Todas las vivencias del reportero están en los libros periodísticos que dio a conocer a partir de 1974 cuando publicó Grandes alamedas: el combate del presidente Allende, título conmovedor y lleno de humanidad que recoge el testimonio de protagonistas y espectadores de la heroica resistencia del mandatario chileno.
Su libro siguiente, Irán no alineado (1979) —escrito en colaboración con Andrés Escobar—, narra la última etapa de la sublevación popular contra el Sha y la instauración de la república islámica; hechos eminentemente políticos que el autor valoró también en su dimensión cultural. Porque bien pronto se percató, en Teherán, adonde llegó en un avión que seguía al del ayatolá Khomeini, que jamás entendería lo que allí pasaba si no se adentraba antes en el mundo persa y estudiaba el Corán. Solo así podría sacar a relucir la nuez del asunto.
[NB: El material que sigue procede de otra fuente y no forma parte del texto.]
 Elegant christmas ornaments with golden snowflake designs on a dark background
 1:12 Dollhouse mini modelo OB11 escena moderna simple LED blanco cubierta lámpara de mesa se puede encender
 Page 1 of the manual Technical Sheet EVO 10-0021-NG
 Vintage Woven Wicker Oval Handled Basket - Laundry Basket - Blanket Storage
De buena fuente, publicado en 1988, tiene un tono íntimo y evocativo, y las crónicas que lo conforman, más allá de la mera recopilación de trabajos dispersos, son, vistas en su conjunto, una suerte de autobiografía fascinante, las memorias de un reportero estrella que, de tanto amarlo, cuando empieza a hablar sobre periodismo termina siempre haciéndolo acerca de sí mismo.
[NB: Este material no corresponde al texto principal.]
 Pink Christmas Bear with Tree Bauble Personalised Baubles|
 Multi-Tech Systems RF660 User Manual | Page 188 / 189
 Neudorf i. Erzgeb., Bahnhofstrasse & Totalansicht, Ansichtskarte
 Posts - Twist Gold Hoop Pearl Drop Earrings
Realidad y ficción se dieron la mano en Crónicas casi reales. Otro libro suyo es Un perfume para Lam: el Caso Óleo. Recrea en sus páginas un hecho real: el robo de ocho cuadros de uno de los pintores mejor cotizados de Cuba, y recoge la investigación y las entrevistas del autor en torno al suceso y las declaraciones y los actos de los protagonistas.
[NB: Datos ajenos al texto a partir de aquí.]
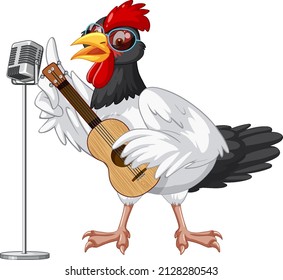 A chicken playing guitar cartoon character illustration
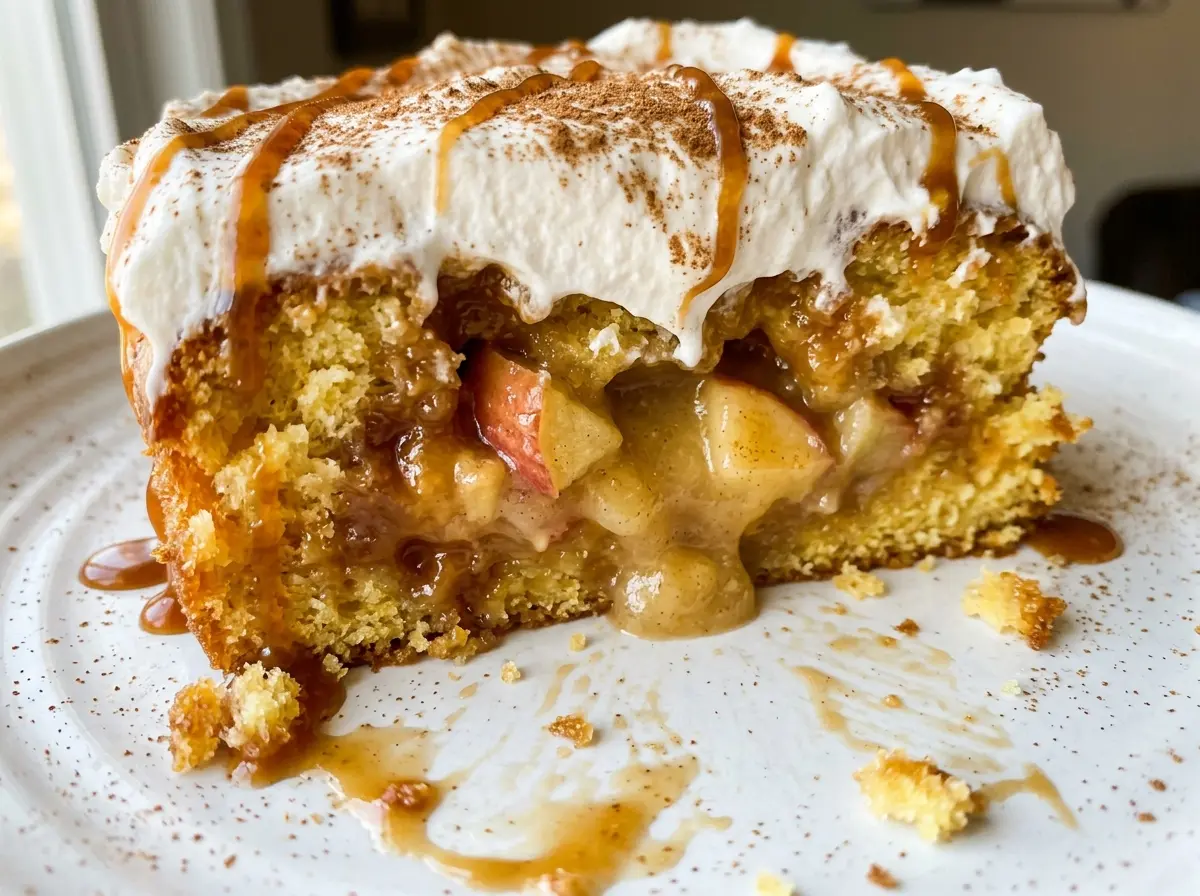 Caramel Apple Poke Cake, chilled and layered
Al respecto dijo Timossi, e ilustró así su método de trabajo: «Los acontecimientos, su concatenación, su desarrollo fueron recreados sin desdeñar el dato más nebuloso o la fantasía más minuciosa. En cambio, los posibles errores, las interrogantes y reflexiones, la ficción que compone esta crónica de un suceso, pertenecen con exclusividad al narrador, ferviente partidario del alboroto que siempre causa la realidad».
Hechos, narración, ficción, recreación, crónica de un suceso… La relación entre periodismo y literatura fue, sin duda, asunto atractivo e inquietante en la obra del hombre que acaba de fallecer en La Habana a los 75 años de edad. No hubo límites entre ellos: son la misma palabra, la forma de ver y decir el mundo, afirmaba Timossi. Lo corroboró una vez más en Palabras sin fronteras (2003), aunque reconoció, con Hemingway, que nos asombraba a veces que existieran contactos tan estrechos entre ambos puntos.
La información sirve por igual al periodismo que a la literatura, dijo Gabriel García Márquez a Timossi, en 1982, en ocasión de merecer, por su narrativa, un Premio Nobel que lo fue además para su periodismo.
Siempre he pensado que Crónica de una muerte anunciada es un gran reportaje, como lo es, y así lo reconoce el mismo autor, El general en su laberinto. «La historia de Simón Bolívar es naturalmente una novela, porque todo aquello que no es documental lo he inventado», precisa García Márquez. Añade: «Pero todo el trabajo de investigación es totalmente periodístico. Es decir, estoy seguro de que si hubiera encontrado la documentación, el libro sería igual».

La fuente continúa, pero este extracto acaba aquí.